_WHAT THIS TASK INVOLVES_
Nothing but the lines from the one that contains "Wholesaler INSTA GIRL" to the end of the records should be printed, both ends included, exactly as given.

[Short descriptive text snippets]
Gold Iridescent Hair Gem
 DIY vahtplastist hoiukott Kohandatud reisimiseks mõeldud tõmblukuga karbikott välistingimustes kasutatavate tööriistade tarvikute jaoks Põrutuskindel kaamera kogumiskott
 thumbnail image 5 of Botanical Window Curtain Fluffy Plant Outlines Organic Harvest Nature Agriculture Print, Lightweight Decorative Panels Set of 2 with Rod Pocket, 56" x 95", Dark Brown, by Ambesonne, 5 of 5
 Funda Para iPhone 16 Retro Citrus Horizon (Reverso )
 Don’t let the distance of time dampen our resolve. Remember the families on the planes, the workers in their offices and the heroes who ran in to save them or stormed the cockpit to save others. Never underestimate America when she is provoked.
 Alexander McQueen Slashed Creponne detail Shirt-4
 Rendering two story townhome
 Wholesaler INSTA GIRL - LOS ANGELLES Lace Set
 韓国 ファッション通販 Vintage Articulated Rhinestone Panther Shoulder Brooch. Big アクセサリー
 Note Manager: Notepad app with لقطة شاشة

_EXPECTED OUTPUT_
 Wholesaler INSTA GIRL - LOS ANGELLES Lace Set
 韓国 ファッション通販 Vintage Articulated Rhinestone Panther Shoulder Brooch. Big アクセサリー
 Note Manager: Notepad app with لقطة شاشة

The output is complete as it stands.